One Concave-Convex Inequality and Its Consequences

Abstract

Our starting point is an integral inequality that involves convex, concave and monotonically increasing functions. We provide some interpretations of the inequality, in terms of both probability and terms of linear functionals, from which we further generate completely monotone functions and means. The latter application is seen from the perspective of monotonicity and convexity.

1. Integral Inequality

The following Lemma originates from unsolved Problem 8, Jósef Wildt International Mathematical Competition (see [1]).

Lemma 1.

Let $f,g:[a,b]\to {\mathbb{R}}_{+},f\left(a\right)=g\left(a\right)=0$ two continuous functions, such that f is convex, and g concave. If $h:[a,b]\to \mathbb{R}$ is an increasing function, then

$${\int }_a^{b}h\left(x\right)g\left(x\right)dx{\int }_a^{b}f\left(x\right)dx\le {\int }_a^{b}g\left(x\right)dx{\int }_a^{b}h\left(x\right)f\left(x\right)dx.$$

(1)

Proof. 

Define

$$\phi \left(x\right)=f\left(x\right){\int }_a^{b}g\left(t\right)dt-g\left(x\right){\int }_a^{b}f\left(t\right)dt.$$

It follows that $\phi$ is a continuous convex function, such that $\phi \left(a\right)=0,{\int }_a^b\phi \left(x\right)dx=0.$ If $\phi \equiv 0$, then we have equality in (1).

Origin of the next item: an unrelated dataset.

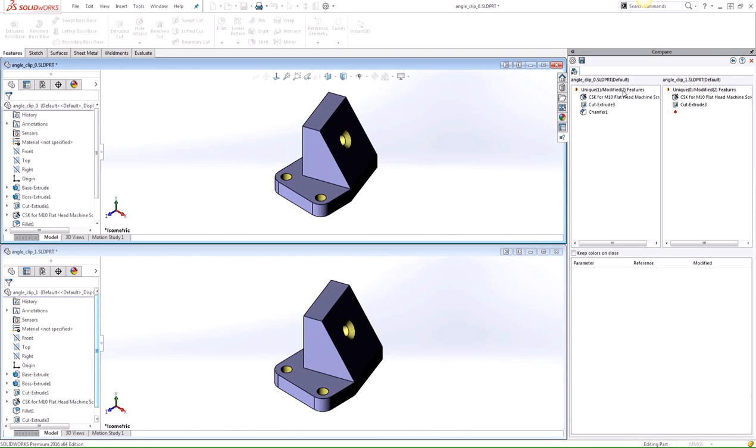This will show the unique and modified features for each of the parts. So unique features have their own name and type and appear exclusively in one part, whereas modified features have the same name and type and appear in both parts.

Otherwise, there is a unique $x_0\in (a,b)$ such that $\phi \left(x_0\right)=0,\phi \left(t\right)<0,t<x_0;\phi \left(t\right)>0,t>x_0.$ An easy proof of this fact can be obtained using Proposition 1.3.5 from [2], and below is the geometric illustration of this fact.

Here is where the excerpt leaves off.